Kamis, 16 Maret 2017

“Menolak Tradisi, Bertolak dari Tradisi”: Latar Belakang Kehidupan Godi Suwarna dan Karya-karyanya

Sastrawan asal Tasikmalaya, Jawa Barat, Godi Suwarna, merupakan salah satu sastrawan produktif yang banyak melahirkan karya sastra, diantaranya sajak, cerpen, novel, serta naskah drama. Aktif dan produktif semenjak gemar membaca Majalah Mangle serta karya- karya sastra Danarto, Ramadan KH, juga tembang-tembang Sunda Cianjuran dan kawih-kawih Mang Koko di radio. Meskipun karya-karyanya berbahasa Sunda, cerita yang disampaikan merupakan variasi atas apa yang terjadi dalam kehidupan sosial politik Indonesia, seperti dalam novel Sandekala dan Deng yang menceritakan tentang semerawutnya Bangsa Indonesia akibat korupsi yang merajalela dan pengaruhnya terhadap rakyat jelata. Tulisan ini akan memaparkan biografi Godi Suwarna, latar belakang kehidupan, karya-karya sastra yang dibacanya dan pengaruh terhadap karya-karya yang dilahirkannya.

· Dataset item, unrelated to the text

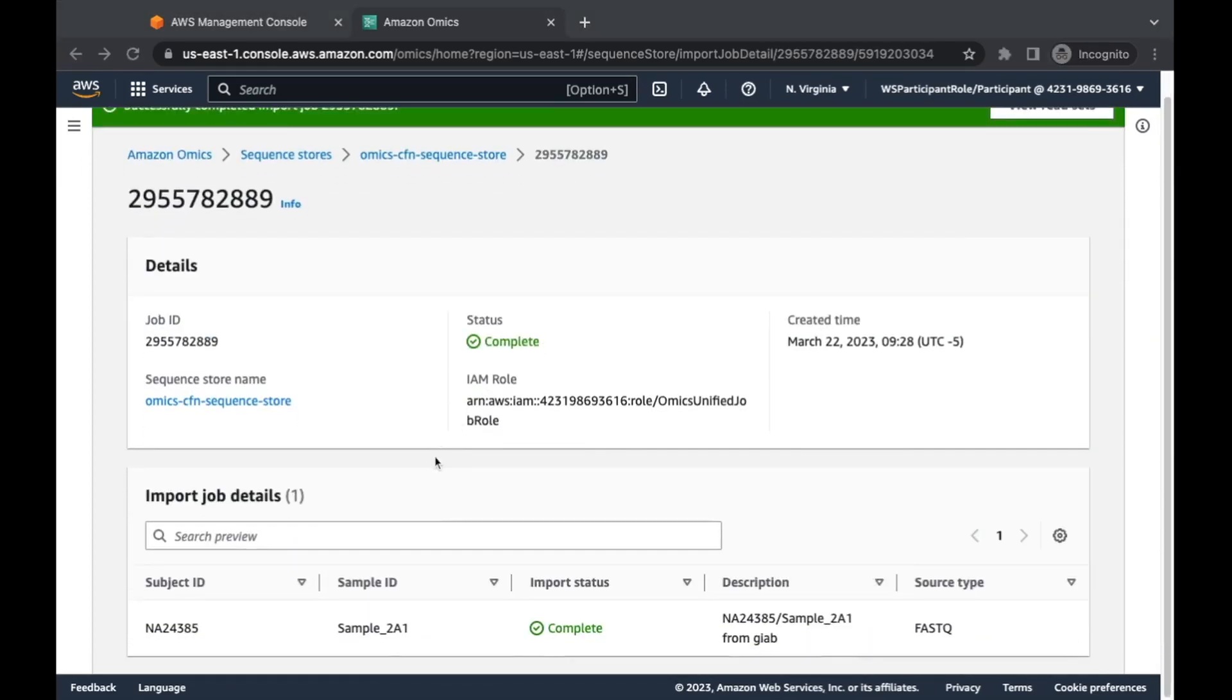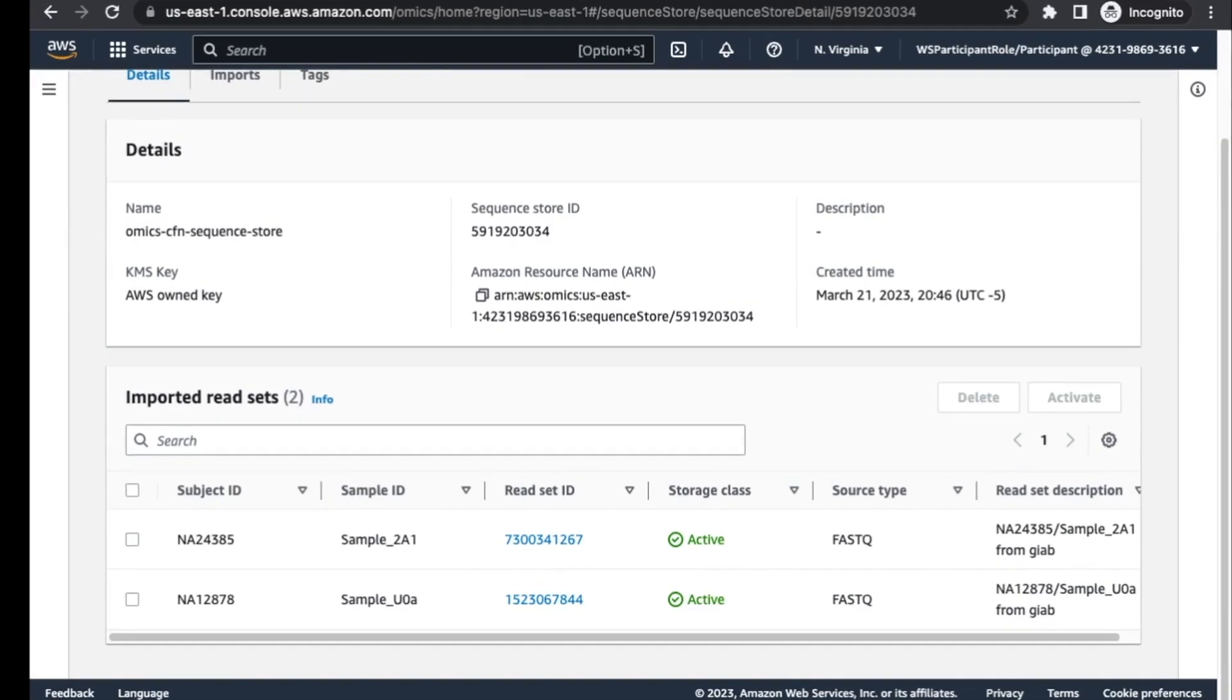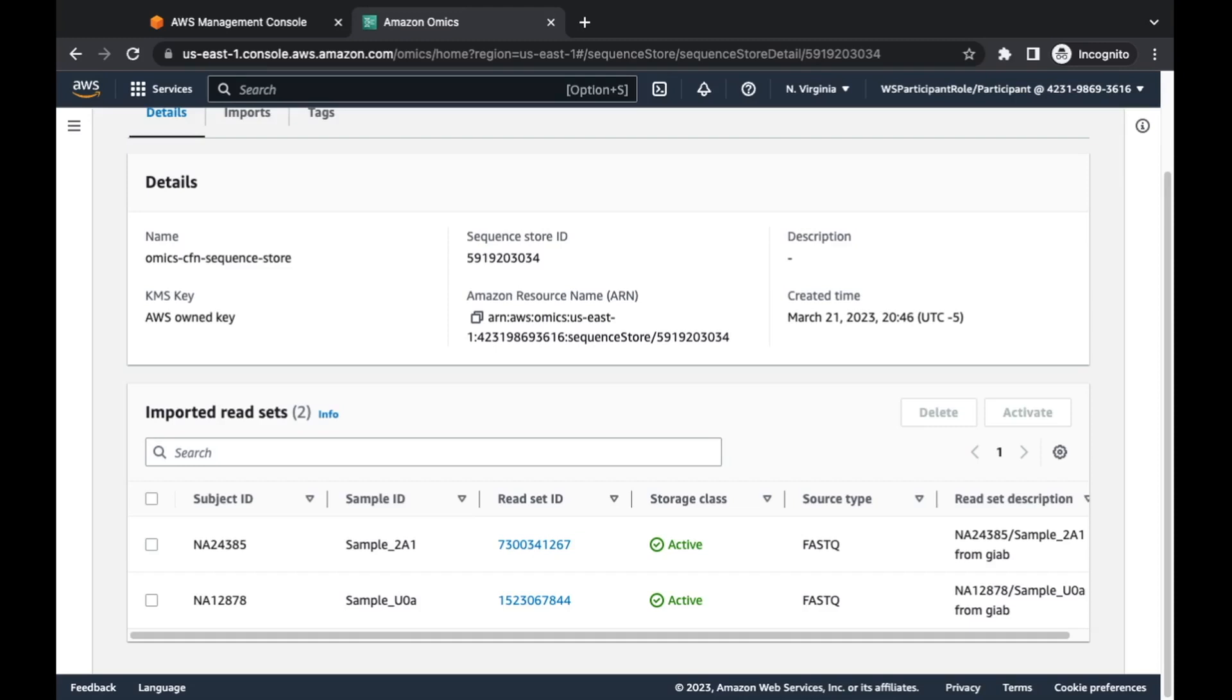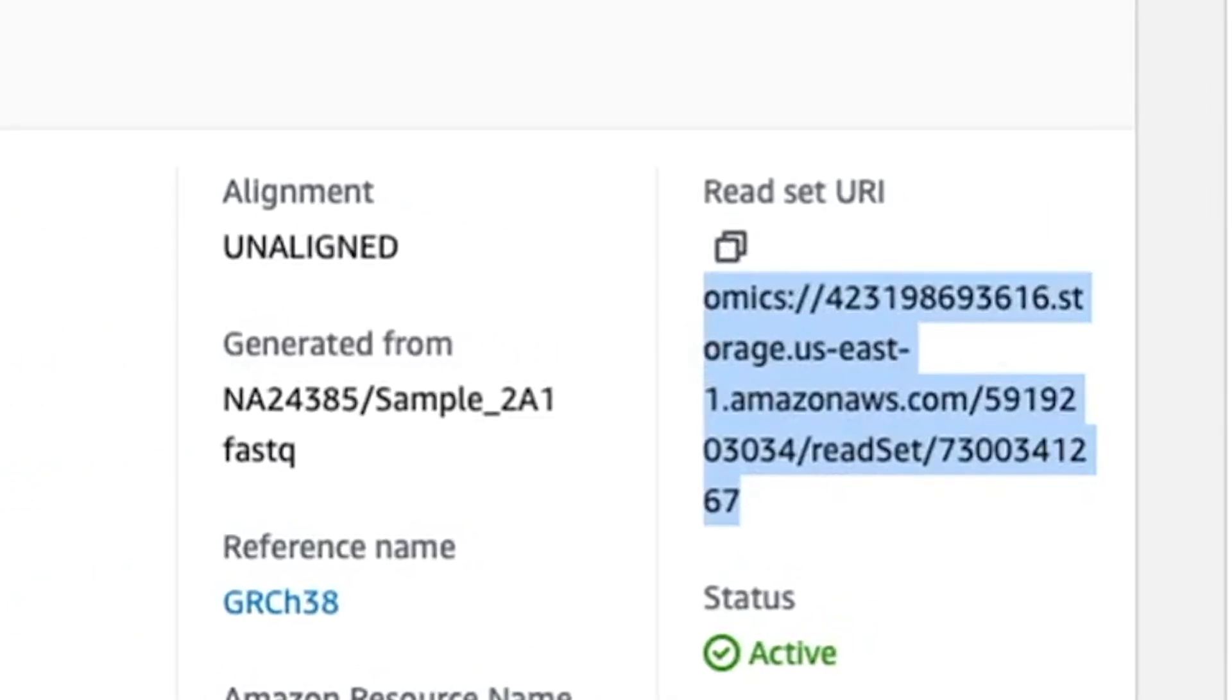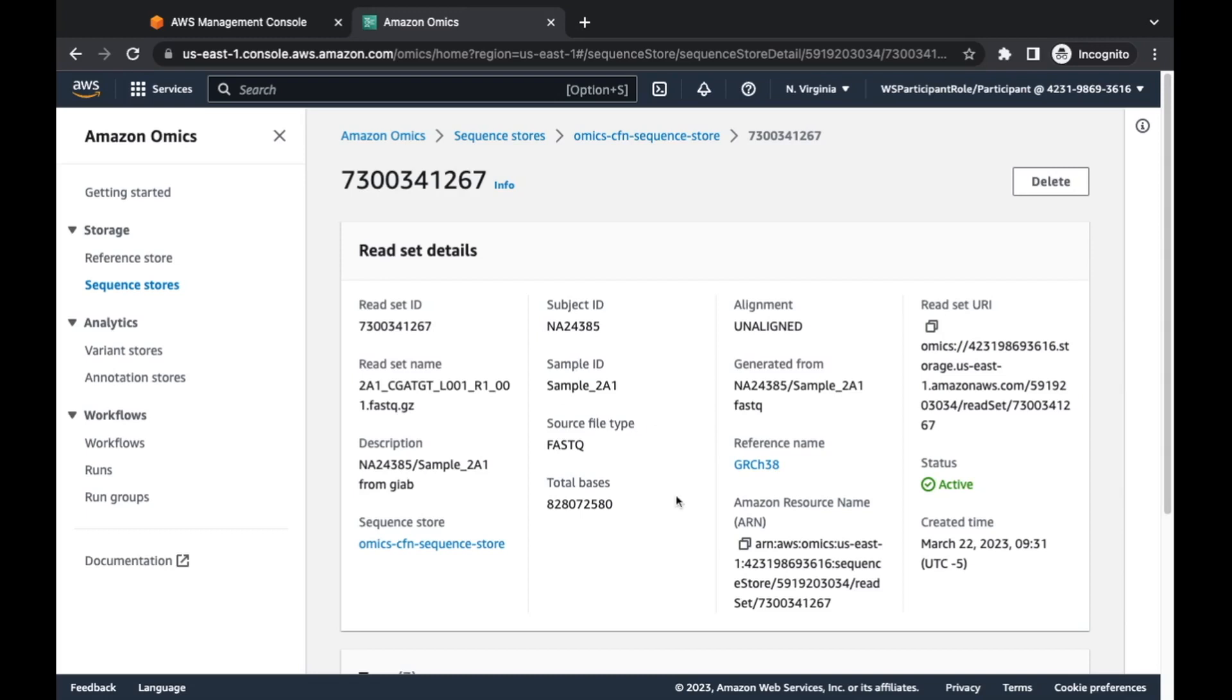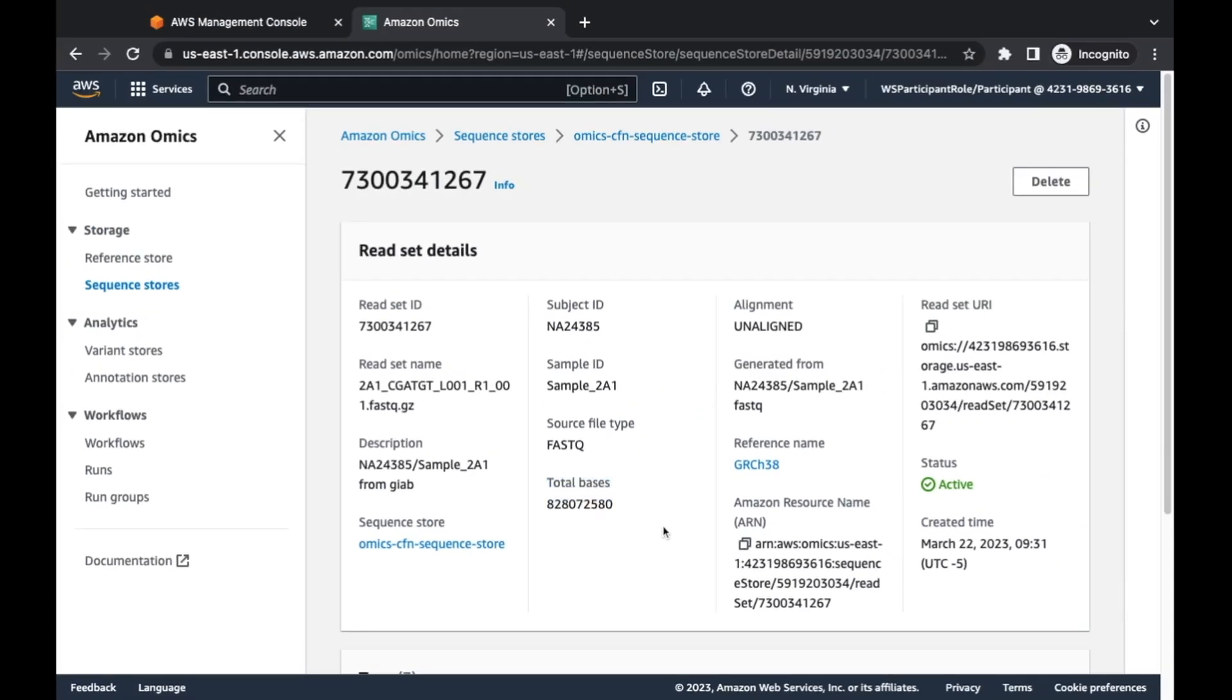And so I'm going to pull a manifest file here for HD02. If we pull this in, this is another sample. This happens to be one of the Ashkenazim trio. You can see the subject ID, the sample ID, some extra description fields and tags. And where this is important is we have a lot of customers who need to collect all of their samples and sequences for specific projects or cohorts. All of this metadata is there for you to help organize. Alright, so we'll create this import job. This will take a few minutes.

Godi Suwarna, seorang penyair, cerpenis, novelis, dan dramawan Sunda ini dilahirkan di Tasikmalaya pada 23 Mei 1956. Lulusan Bahasa Indonesia IKIP Bandung ini juga berprofesi sebagai guru dan redaktur di Sipatahunan. Mulai mengarang puisi dan prosa dalam bahasa Sunda sejak tahun 1976 saat masih duduk sebagai mahasiswa IKIP. Pernah ikut bermain, menyutradarai, dan menulis lakon, antara lain dalam Burung-burung Hitam, Orang-orang Kelam, Gaok-Gaok Geblek dan Gor-Gar. Selain mengarang, juga suka bermain drama sejak kecil. Saat kuliah, mendirikan Teater IKIP Bandung dan ikut bermain di Studiklub Teater Bandung. Penulis cerita pendek dalam Bahasa Sunda ini sempat mengikuti Utan Kayu International Literary Biennale dan International Poetry Festival Indonesia 2006. Dia telah menghasilkan sedikitnya lima kumpulan puisi, yaitu Jagat Alit (1978), Surat-surat Kaliwat (1984), Blues Kere Lauk (1994), Sajak Dongeng Si Ujang (1996), dan Jiwalupat. Dua kumpulan cerpen, Murang Maring (1982) dan Serat Sarwasastra. Dua novel, Sandekala (2007) dan Déng (2009). Juga satu naskah drama, Durmayudha, yang ditulisnya saat masih di IKIP Bandung.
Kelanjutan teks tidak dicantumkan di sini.